A few weeks ago I watched my first Blaxploitation movie: Coffy, starring the one and only Pam Grier. It's hard to believe I've made it in this world this long without seeing one of her popular films. For so long, all I've heard about was Pam Grier's greatness: her sex appeal and reign as a sex symbol, and how her sex symbol status and movie roles broke down barriers for women. She was a feminist too!

So I'm watching this movie and as it unfolds I'm not quite sure what to make of it. I mean, there's no question that this chick is BAD ASS. She kills motherf*ckers at point blank range in the name of family, friendship and all that is just in the world. All while batting her pretty eyes, using a sultry voice and shimmying her large breasts in the face of these no good men. (Shout out to women with really big breasts!) So yeah, conceptually I get it. In 1973 I see how this was ground breaking. I'm sure that never before was there a black woman fighting for her people and for women all at the same time.

However, all the supposed feminist strides this movie made are completely undercut by the obvious fact that this was a movie made by men for men. As much as Pam Grier uses her feminine wiles to get ahead she doesn't have complete ownership of her body. Her body just becomes one of the many female bodies in the film that exists only for men to look at, and for men to take advantage of.

Let's examine for example that 98% of the women in the movie are absolutely gorgeous and their bodies are there purely for display. I don't think a single woman wears a bra in this movie and whenever possible we see breasts. It's a breast party. TITTIES ARE EVERYWHERE! Breasts fall out of dresses and tops. They dangle free in flimsy and form-fitting garments. There's a cat fight scene where Coffy goes after this white chick. As their fight progresses, clothes are ripped off, hair is wild... and the men just stand back and watch. This movie is a man's, namely Jack Hill's, sexual fantasy.

What actually makes it clear that this movie is about the heterosexual male gaze, more than the flagrant display of the female body, is how disgusting all the men's bodies are in comparison. Every time there is a sex scene in which the man's body is revealed, it is fat and ugly. (Note how there is a particular purpose in showing men's bodies, but nonewhatsoever for showing women's bodies.) There are man boobs and belly rolls, and few of the men are handsome in the face. The one that is, King George (Robert DoQui), is dressed covered in a terribly ugly yellow pimp suit complete with cape, hat and sunglasses. Further, his body is rendered ultimately disposable when he is murdered. Goons drag him behind a speeding, swerving car with a noose around his neck. The devaluation of male bodies only further values the female body. Women's bodies are the only bodies on screen worth seeing.

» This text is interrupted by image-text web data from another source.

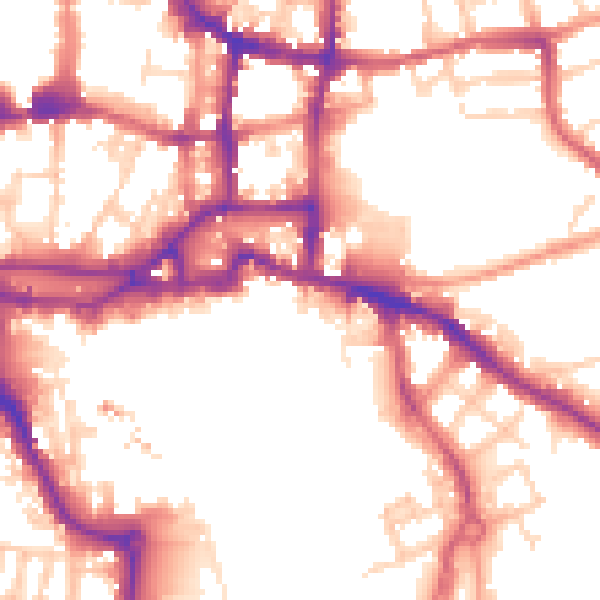 Daytime road noise heatmap for IP4 1QH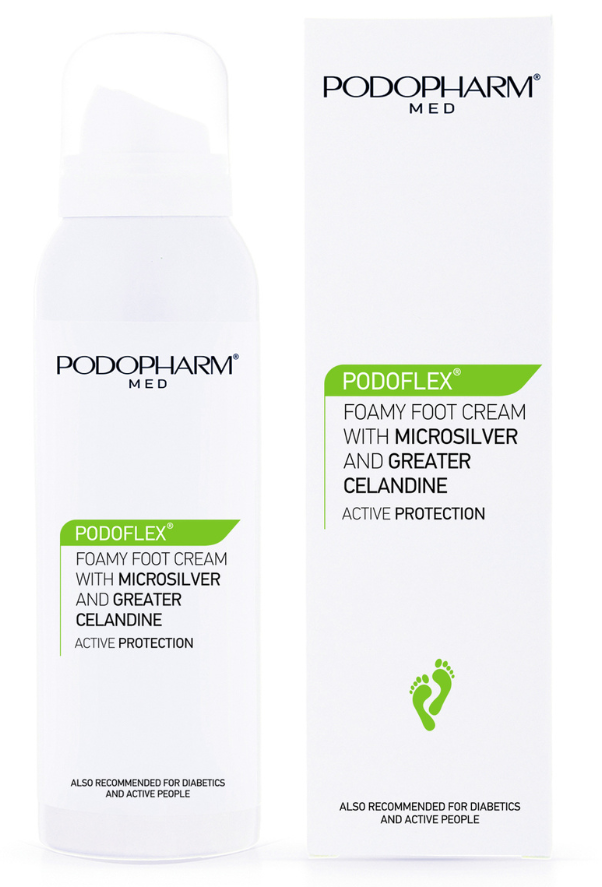 PODOPHARM PODOFLEX Foamy Foot Cream – vahtkreem jalgadele mikrohõbeda ja vereurmarohuga, mis niisutab ja kaitseb nahka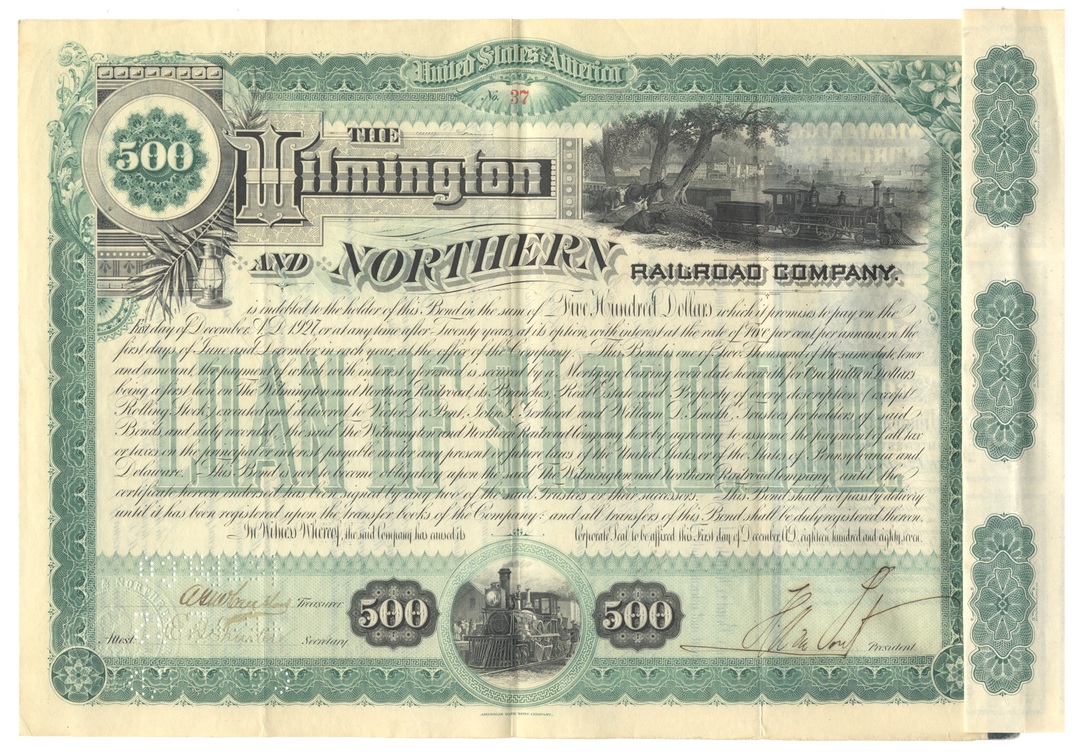 Wilmington and Northern Railroad Company Bond Certificate Signed by Henry A. duPont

The women's bodies are not just for the looking in this film, they are also for the taking. There are several scenes where men take advantage of women's bodies, but there were three that were particularly troubling to me. In one scene a man attacks a waitress in the backroom of a bar. He pulls back her top revealing her right breast and threatens her by placing a knife to it. In another scene, Grier is sexually assaulted in her car as she pulls into a parking lot. Her window is down and some Joe just walks up, reaches his hand in and gropes her. She is only saved when her male cop friend shoos him away. There's another where Grier is almost raped in the aftermath of the murder of her cop friend. One of the murdering goons decides he could have a little fun, just because her body is present. In all three of these moments, men assert their power and pleasure over the women's bodies because they are there. They take advantage of women just because they can.

Watching this infuriated me. Who are these men that think it's okay to do anything with or to a woman's body without her permission? I think what bothers me more than seeing this in a fantasy-film drama is knowing that some of this is real. There are men who think and act this way, certainly in the past, and plenty in the present.

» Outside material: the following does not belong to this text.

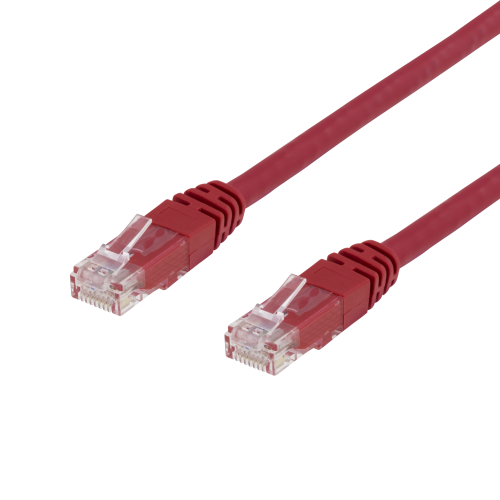 DELTACO TP-625R - U/UTP Cat6 verkkokaapeli,25m, punainen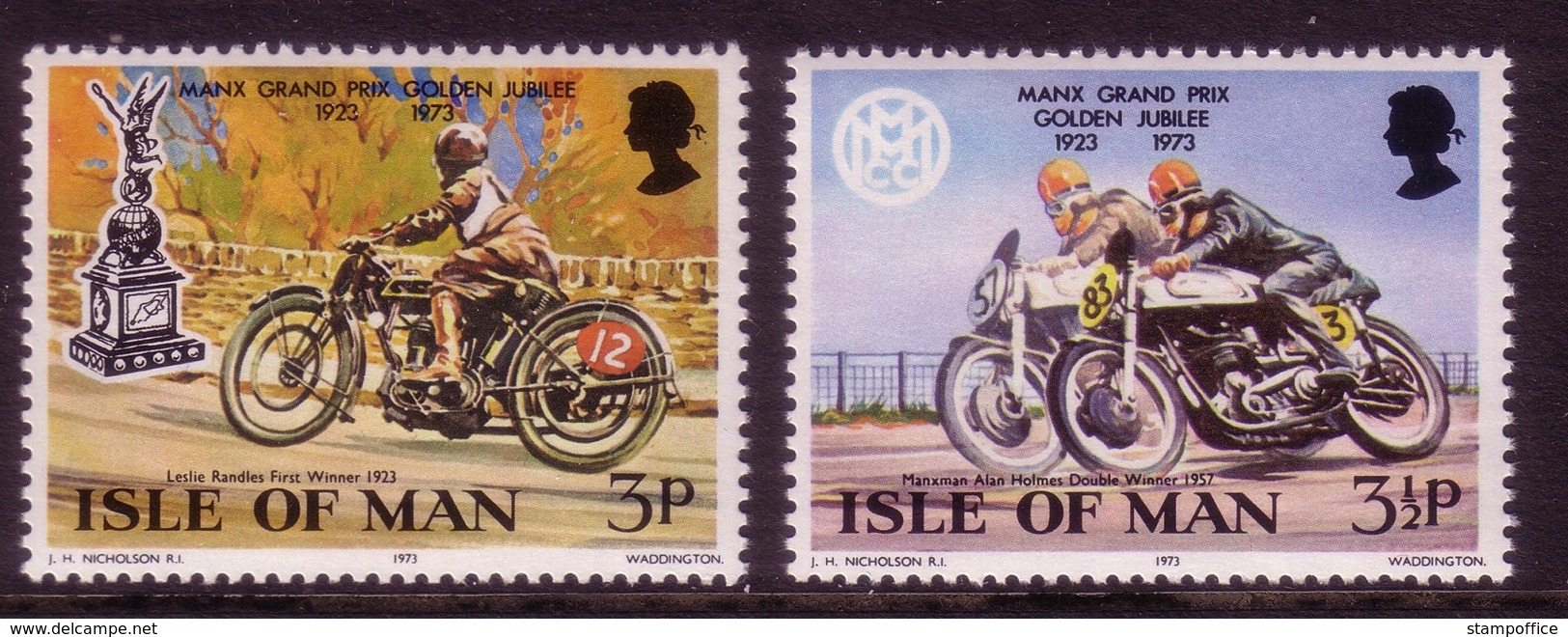 ISLE OF MAN MI-NR. 33-34 ** 50 JAHRE MOTORRADRENNEN - Isla De Man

The actual commodification of Pam Grier's body through the movie medium which eventually becomes VHS and DVD furthers the idea of taking women's bodies. We can now buy or rent Coffy and look at Grier's body anytime we please. The complications of ownership come back into play here. I pray to God Grier is living grand off the royalties to all her films. It is only just.

There is a twisted understanding of a woman owning her own body. In the end of the plot Coffy is a heroine, and in real life so is Grier. But at what cost? Was her body really the only (or best) tool she could use to assert her power and wit? It seems that it is only because Grier, as a film character and a person, makes her body available for looking and taking that she is able to get ahead.

I'm not sure how much creative control, if any, Grier had in the production of this or any of her films. Whatever level of compliance and control she had in the making in the film, I doubt it is to the extent that Beyonce (our contemporary Pam Grier) exerts. Bey controls her image to every last sequin and gets the money for every last sale, yet just like Grier, it is the availability of her body that has made her a star.

Can women really be in possession of their own bodies when they make their bodies readily available to look and take?